Note that rand7_gen() returns a generator, since it has internal state involving the conversion of the number to base 7. The test harness calls next(r7) 10000 times to produce 10000 random numbers, and then it measures their distribution. Only integer math is used, so the results are exactly correct.

Also note that the numbers here get very big, very fast. Powers of 5 and 7 grow quickly. Hence, performance will start to degrade noticeably after generating lots of random numbers, due to bignum arithmetic. But remember here, my goal was to maximize the usage of random bits, not to maximize performance (although that is a secondary goal).

In one run of this, I made 12091 calls to rand5() for 10000 calls to rand7(), achieving the minimum of log(7)/log(5) calls on average to 4 significant figures, and the resulting output was uniform.

In order to port this code to a language that doesn't have arbitrarily large integers built-in, you'll have to cap the values of pow5 and pow7 to the maximum value of your native integral type -- if they get too big, then reset everything and start over. This will increase the average number of calls to rand5() per call to rand7() very slightly, but hopefully it shouldn't increase too much even for 32- or 64-bit integers.
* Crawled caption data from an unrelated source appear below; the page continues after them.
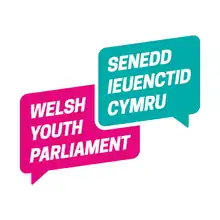 Logo of the Welsh Youth Parliament
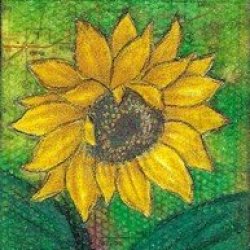 Back2School Sunflower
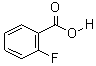 2-Fluorobenzoic acid Structure,445-29-4Structure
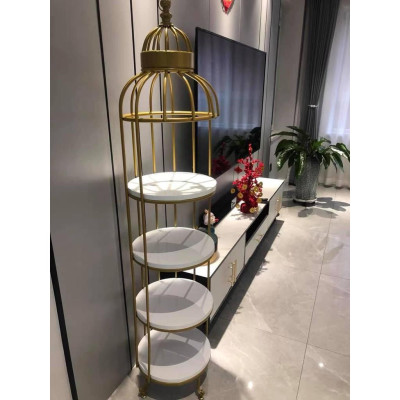 Kệ trang trí phòng khách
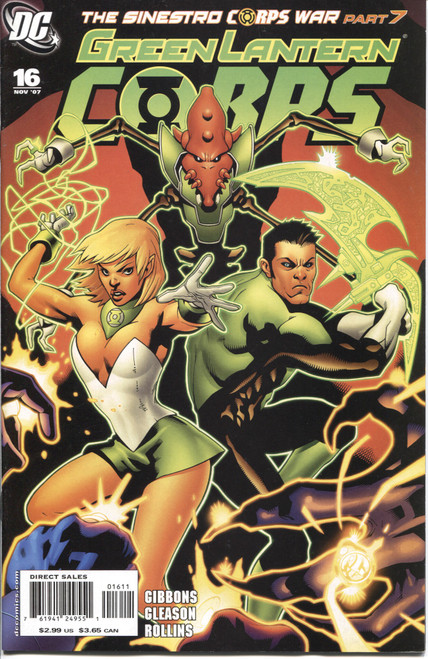 Green Lantern Corps (2006 Series) #16 NM- 9.2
Adam Rosenfield 2009-05-21 03:38:42

+1 for a really interesting answer. Would it be possible, rather than resetting at a certain value, to simply shift off bits that have been used, and move the other bits up, and basically only keeping the bits that are going to be used? Or am I missing something?

Chris Lutz 2009-05-21 03:54:04

I'm not 100% sure, but I believe if you did that, you would skew the distribution ever so slightly (although I doubt that such skew would be measurable without trillions of trials).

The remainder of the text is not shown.